18.      O campo f) do formulário do mandado de detenção europeu é com a epígrafe «Outras circunstâncias pertinentes para o processo» e indica que estas informações são facultativas.

 Direito belga

19.      Nos termos do artigo 34.obis do Código Penal belga, a colocação à ordem do tribunal é uma pena acessória que, nos casos previstos na lei, pode ou deve ser decretada para proteger a sociedade de pessoas que tenham praticado crimes graves contra a integridade de outras pessoas. A execução da pena acessória é regulada pelos artigos 95.o, n.o 2, a 95.o, n.o 30, da Lei de 17 de maio de 2006, relativa ao estatuto jurídico externo das pessoas condenadas a uma pena privativa de liberdade e aos direitos reconhecidos à vítima no quadro das modalidades de execução da pena (a seguir «lei de 17 de maio de 2006»).

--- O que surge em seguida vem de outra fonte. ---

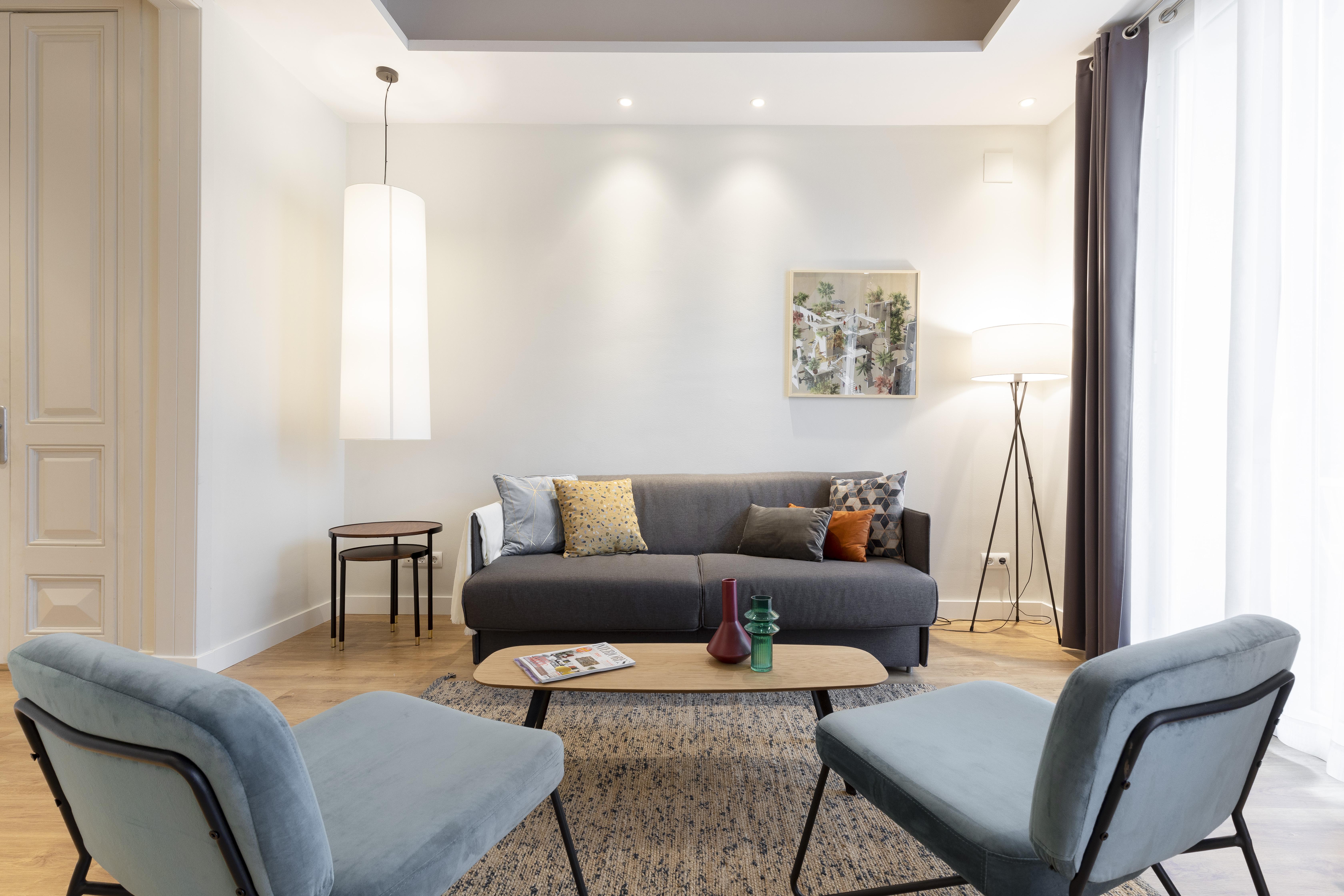 Apartamento Aspasios Urquinaona Design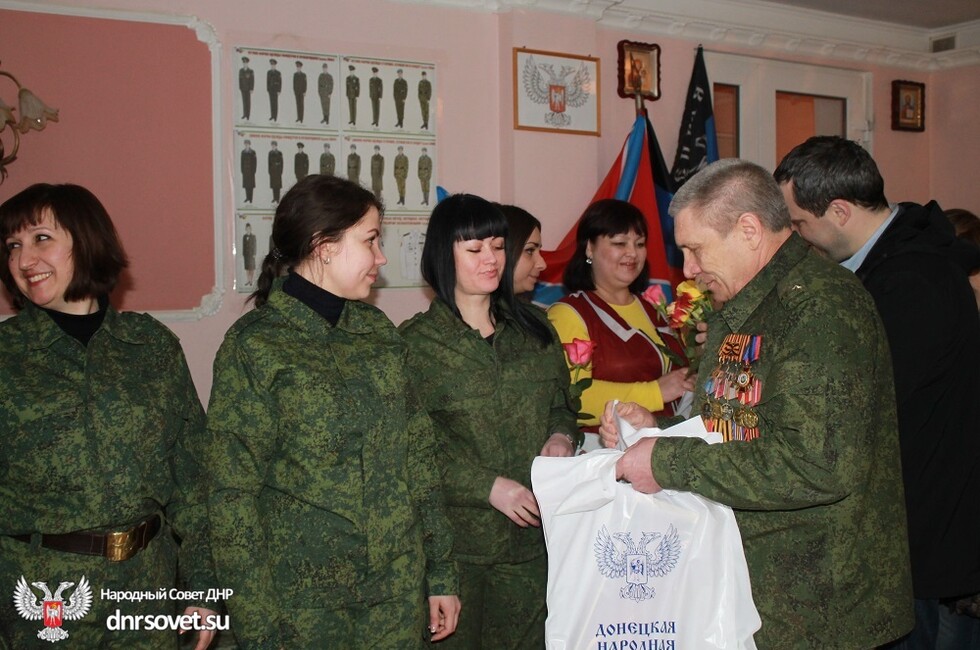 Фото: Народный Совет ДНР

20.      Segundo o artigo 95.o, n.o 2, da lei de 17 de maio de 2006, a colocação à ordem do tribunal é decretada depois de extinta a pena principal. O Tribunal de Execução das Penas decide, antes de extinta a pena principal, se o condenado colocado à ordem do tribunal continua privado de liberdade, ou se fica em liberdade, sujeito a vigilância. O condenado é privado da sua liberdade se existir o risco de que venha a cometer infrações graves atentatórias da integridade física de terceiros, que, em caso de colocação em liberdade sob vigilância, não possam ser evitadas através da imposição de determinadas condições. Na audiência, o Governo belga confirmou que a privação da liberdade adicional não é automática, dependendo antes da análise do caso individual do condenado.

 Litígio no processo principal e questões prejudiciais

21.      Por acórdão contraditório do hof van beroep (Tribunal de Recurso de Antuérpia, Bélgica), de 1 de fevereiro de 2013, IK, nacional belga, foi condenado numa pena de prisão principal de três anos, por um crime de atentado ao pudor de um menor de menos de dezasseis anos, sem violência nem ameaça (a seguir «pena principal»). No mesmo acórdão, e pela mesma infração, foi ainda colocado à ordem do Tribunal de Execução das Penas (Bélgica), por um período de dez anos (a seguir «pena acessória»).

22.      Tendo IK fugido para os Países Baixos após a sentença, a autoridade judiciária belga competente emitiu, em 27 de agosto de 2014, um mandado de detenção europeu contra IK. Este mandado identificava‑o, fazia referência à pena principal, à natureza e qualificação legal das infrações, bem como às disposições legais aplicáveis, e apresentava uma explicação dos factos. No entanto, o mandado de detenção europeu não se referia à pena acessória a que IK também tinha sido condenado.

23.      Após a detenção de IK nos Países Baixos, o rechtbank Amsterdam, internationale rechtshulpkamer (Tribunal de Amesterdão, Secção de Cooperação Judiciária Internacional, Países Baixos) autorizou, por decisão de 8 de março de 2016, a entrega de IK ao Reino da Bélgica para efeitos de execução da pena privativa de liberdade.

24.      IK foi, nessa sequência, entregue às autoridades belgas e aí preso. A reclusão fundamentava‑se na sua condenação à pena principal, cujo termo foi fixado em 12 de agosto de 2018, bem como na colocação à ordem do tribunal, por um período de dez anos.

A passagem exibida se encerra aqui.